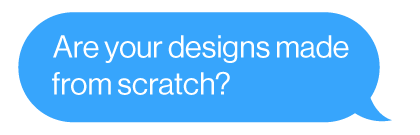 Are your designs made from scratch?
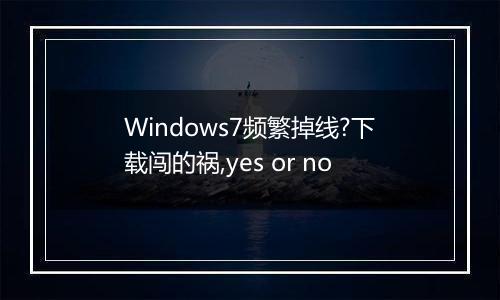 Windows7频繁掉线?下载闯的祸,yes or no
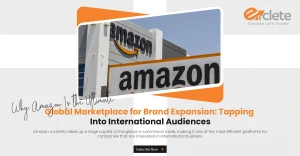 Why Amazon Is the Ultimate Global Marketplace for Brand Expansion: Tapping Into International Audiences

**What is being asked**
Output the full listing above exactly, excluding all pictures.

**Solution**
 Are your designs made from scratch?
 Windows7频繁掉线?下载闯的祸,yes or no
 Why Amazon Is the Ultimate Global Marketplace for Brand Expansion: Tapping Into International Audiences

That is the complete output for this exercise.